Inclemente, el invierno amaneció, también, cuando los astros perdieron intensidad y su estela se borró, divisada luz inexistente. El Acierto ocupó un trono de metal tornasolado, fue aplaudido por palmas de manos invisibles, inservibles loas llenaron su espalda en capa deforme y caduca, en silogismo irresoluto. Creció, acierto, hasta perder de vista la tierra que le había dado su origen y su forma. Altanera, su voz declamó los innumerables mandatos del universos, recitados, uno a uno, con soberbia, pero sin convencimiento y en frase imperativa ordenó al error ser desterrado del claroscuro paraíso. Error inclinó su cuerpo irreconocible, se cubrió con los harapos de las respuestas fracasadas y comenzó su exilio infinito por un universo convertido en verdad paralela. Señalado por los ojos de los habitantes del todo así creado como leproso de la imaginación, doblez de la verdad, intento fallido, luz abortada en el fracaso de una inadvertida alba, error caminó su incesante camino en castigo incesante.

Repudiado, error fue víctima de la sed profunda del eterno sediento, del hambre intensa de quien no recuerda el sabor del alimento, padeció la gélida repulsa de diestros y siniestros, de la Luna y el Sol, del vacío y la plenitud, fue abandonado en la cuneta simbólica del mundo en el que el acierto reinaba, sobre un trono sostenido por halagos. El acierto cayó adormecido por la hipnótica melodía del halago y falleció, ciego, absurdo y sordo, tullido de curiosidad, carente de preguntas porque sólo él, en su esencia, era del todo la pregunta y la respuesta: ¿para qué perseguir un sueño o una duda, si él era el acierto, dormitando en la estúpida urdimbre de su trono?

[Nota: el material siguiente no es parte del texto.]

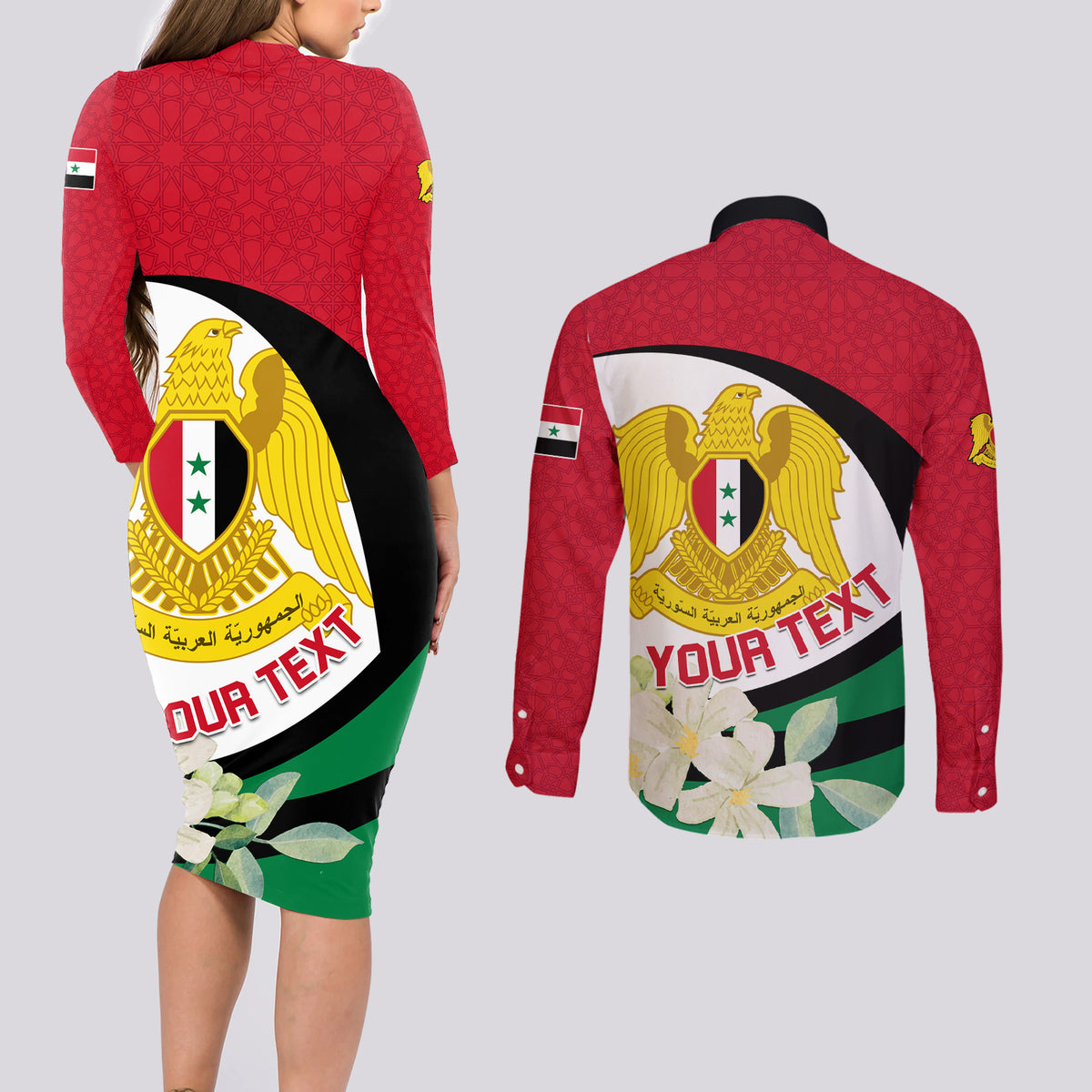 Syria Independence Day Couples Matching Long Sleeve Bodycon Dress and Long Sleeve Button Shirt Syrian Coat Of Arms With Jasmine Flower - Wonder Print Shop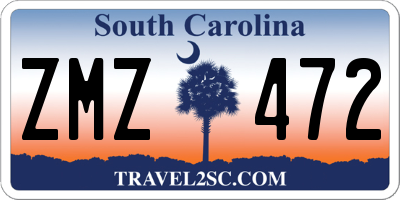 SC license plate ZMZ472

El error, sin embargo, vagó perennemente, como viento inacabable, por parajes donde hubo de volverse invisible, disolverse, morir, con lentitud, y recomenzar, a cada golpe. Cayó y se levantó, mil y una veces. En mil y una ocasiones, su rostro deformado transfiguraba su ser hasta adquirir la paciencia del otro. El error creció a fuerza de incisión de la navaja del rechazo. Hubo de buscar la verdad en cada nuevo intento, ser montaña arriesgada desde donde mirar con incertidumbre la Tierra cambiante, la arquitectura momentánea de lugares donde la vida transcurría, al descubierto.

Así fue como el acierto falleció, hundido, sepultado en su propia grandeza, en su falsa supremacía sobre la acción que yerra. Así fue, así lo leyeron quienes conocen el idioma de los signos invisibles, que el error, minúscula señal, repudiada equivocación que, desde el origen innegable a todos acompaña, sobrevivió al acierto y logró, en su soledad, la sabiduría de quien jamás alcanza el saber suficiente. El error, así lo cuentan, desde entonces, se convirtió en un derecho que todos poseemos al nacer y que a la muerte, en su camino, nos lleva y acompaña.